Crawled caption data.
####################

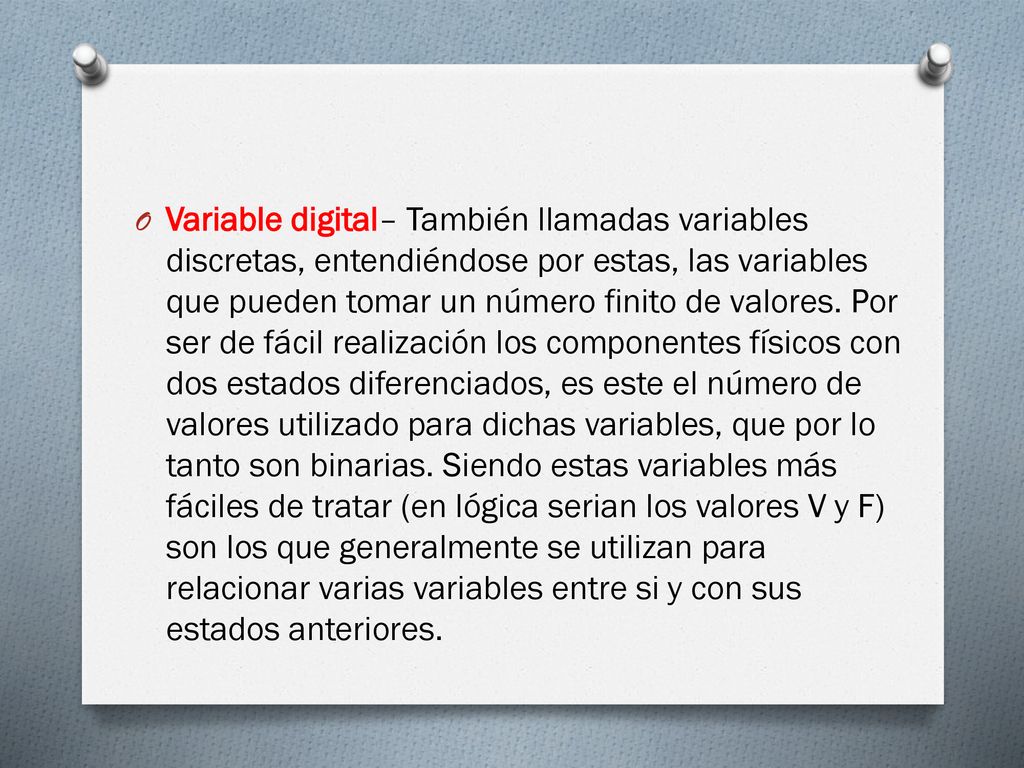 Variable digital– También llamadas variables discretas, entendiéndose por estas, las variables que pueden tomar un número finito de valores.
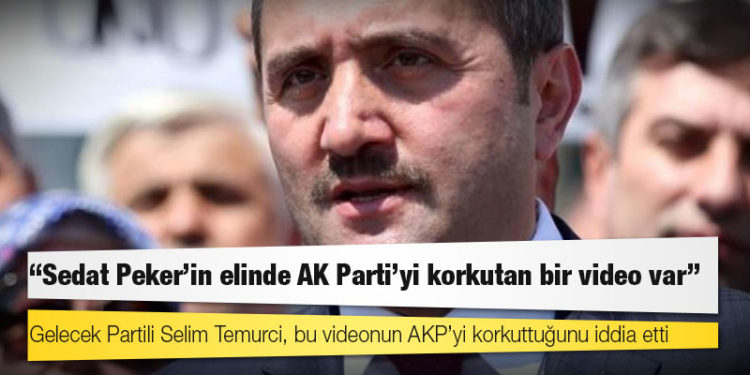 Selim Temurci: Sedat Peker’in elinde AK Parti’yi korkutan bir video var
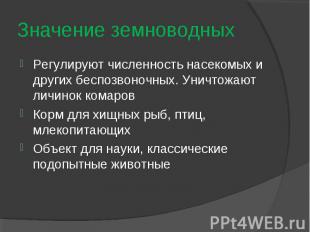 Регулируют численность насекомых и других беспозвоночных. Уничтожают личинок ком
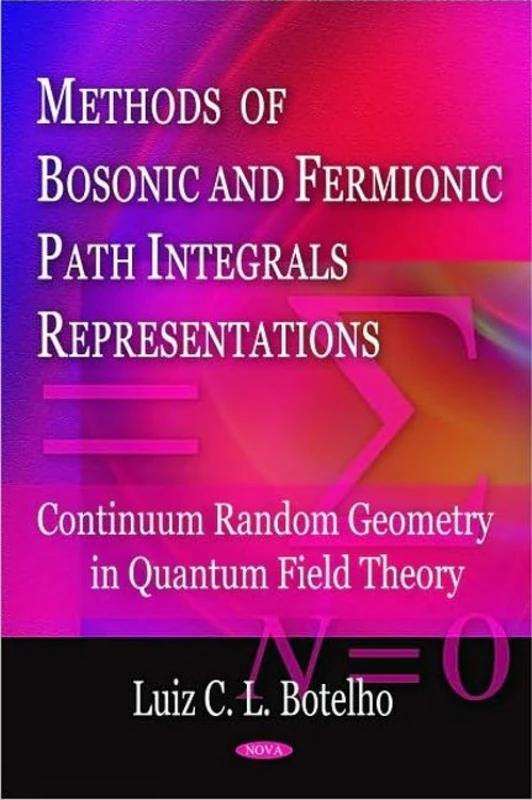 Methods of Bosonic and Fermionic Path Integrals Representations: Continuum Random Geometry in Quantum Field Theory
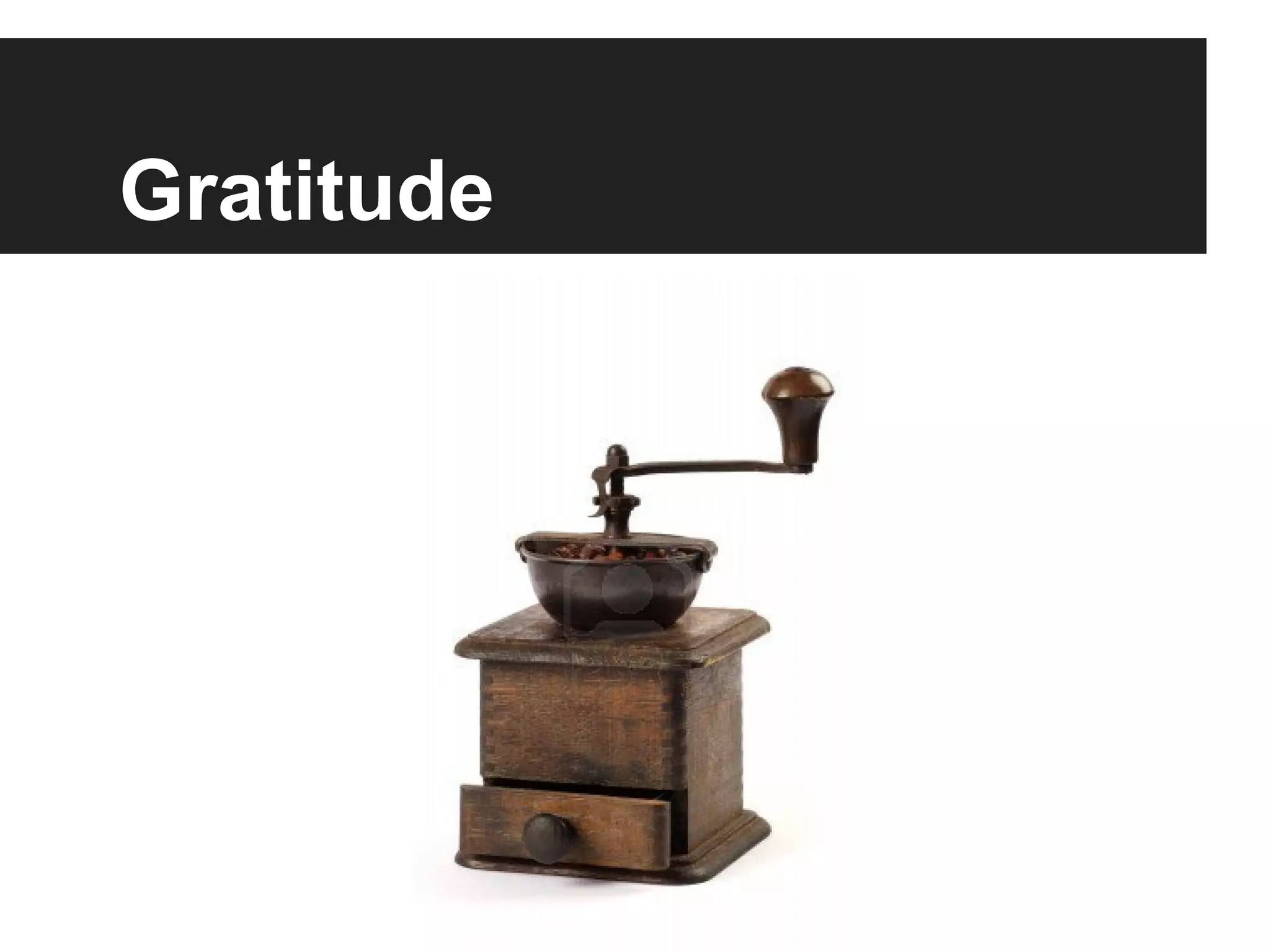 Gratitude
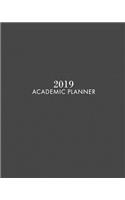 2019 Academic Planner: Grey Weekly and Monthly Planner with to Do List, Academic Calendar + Schedule Organizer, 1 Year Dated, Student Planner for College and High School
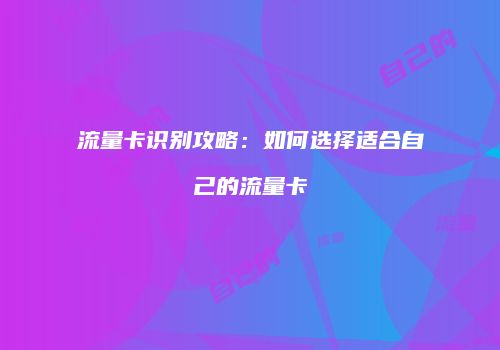 流量卡识别攻略:如何选择适合自己的流量卡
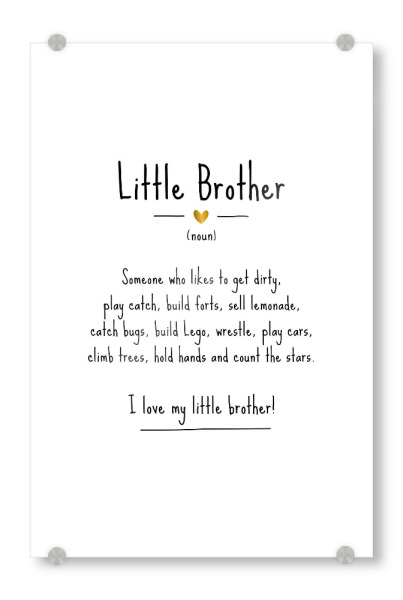Acrylglasbild "Little Brother | Definition" artboxONE - Typografie,Für Kinder,Schwarzweiß,Liebe,Lustig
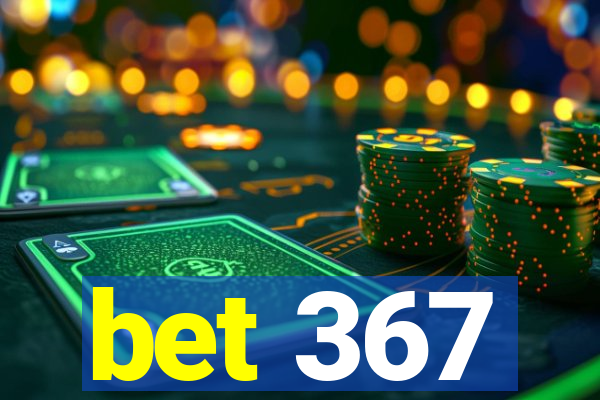 bet 367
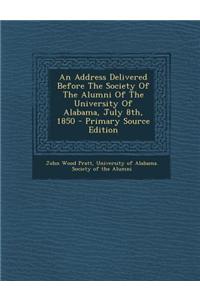 An Address Delivered Before the Society of the Alumni of the University of Alabama, July 8th, 1850 - Primary Source Edition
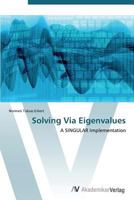 Solving Via Eigenvalues 3639387554 Book Cover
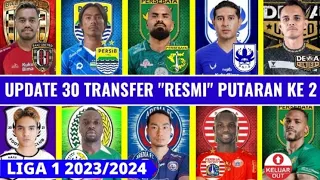 RESMI🔥 INILAH 30 TRANSFER LIGA 1 2023/2024 PUTARAN KE 2 | PERSIB - PERSIJA - AREMA - PERSEBAYA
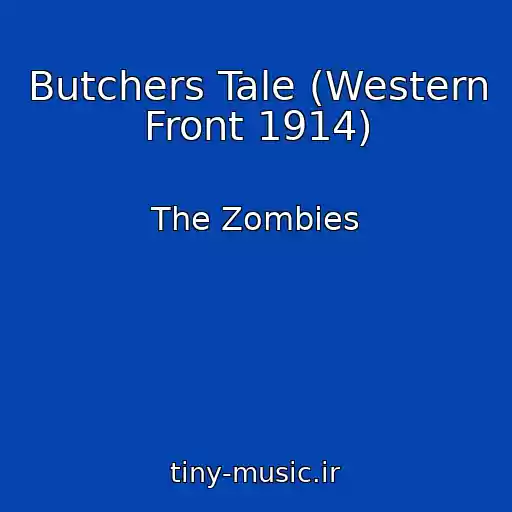 کاور آهنگ Butchers Tale (Western Front 1914) از The Zombies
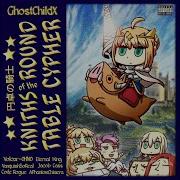 Ghostchildx Knights Of The Round Table Cypher Feat Volcar Ohno Aphantomchimera Eternal King Nextlevel Jacob Cass Vanquish Soreal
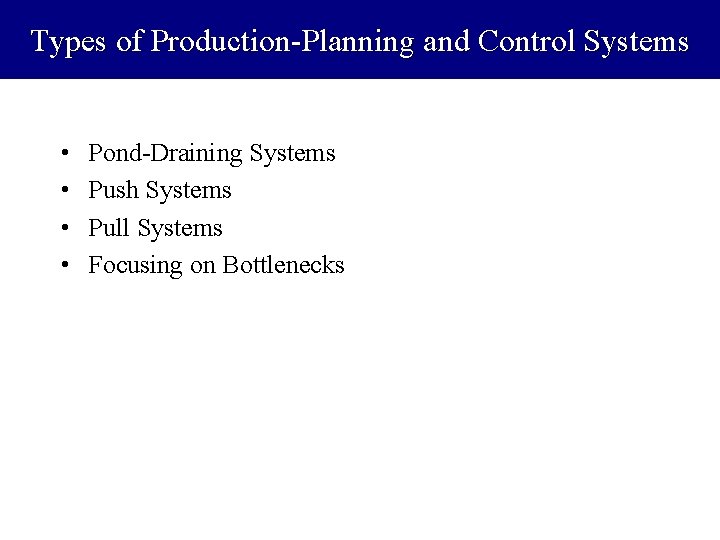 Types of Production-Planning and Control Systems • • Pond-Draining Systems Push Systems Pull Systems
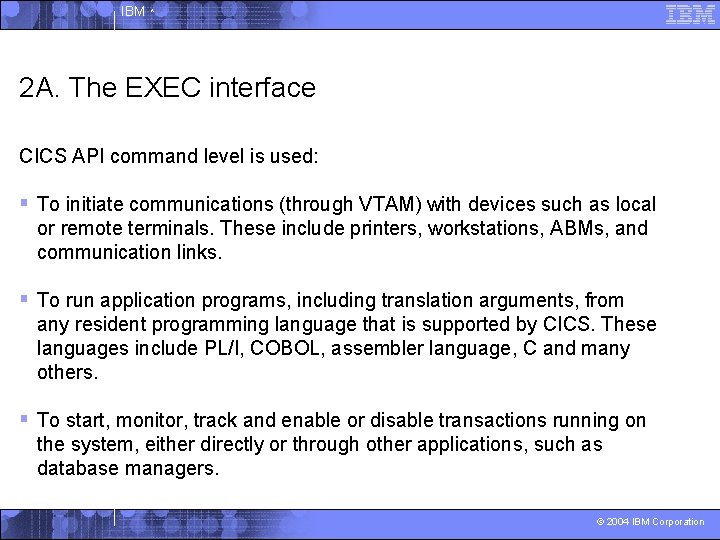 IBM ^ 2 A. The EXEC interface CICS API command level is used: §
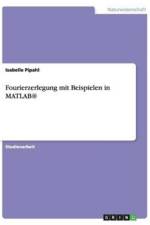 Fourierzerlegung mit Beispielen in MATLAB(R) af Isabelle Pipahl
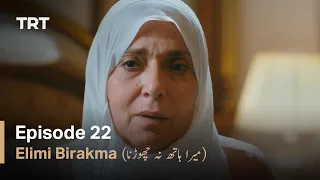 Elimi Birakma - Episode 22 (Urdu Subtitles)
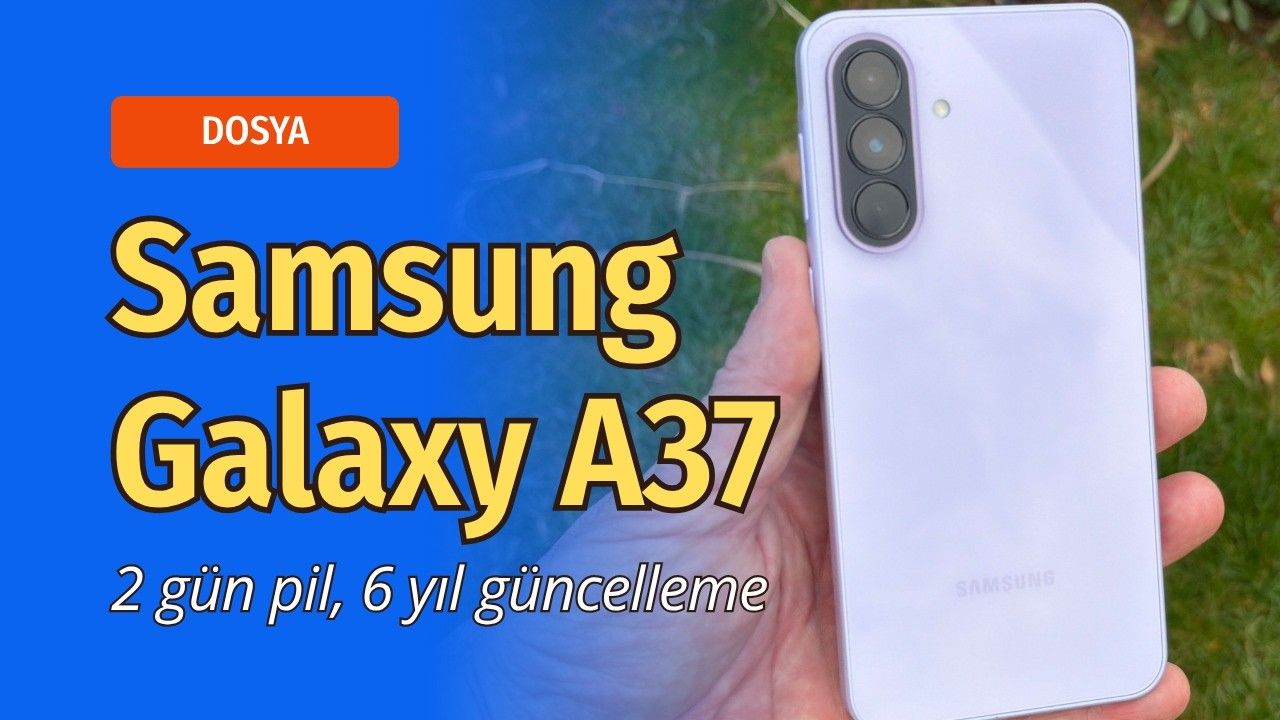 Galaxy A37 5G IP68, 120Hz Ekran, 45W Şarj - Hepsi Başarılı mı?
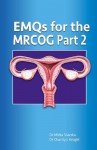 EMQs for the MRCOG Part 2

####################

In the answer, include exactly the lines from the top of the entries through the line containing "Methods of Bosonic", and nothing else, not even the pictures.

 Variable digital– También llamadas variables discretas, entendiéndose por estas, las variables que pueden tomar un número finito de valores.
 Selim Temurci: Sedat Peker’in elinde AK Parti’yi korkutan bir video var
 Регулируют численность насекомых и других беспозвоночных. Уничтожают личинок ком
 Methods of Bosonic and Fermionic Path Integrals Representations: Continuum Random Geometry in Quantum Field Theory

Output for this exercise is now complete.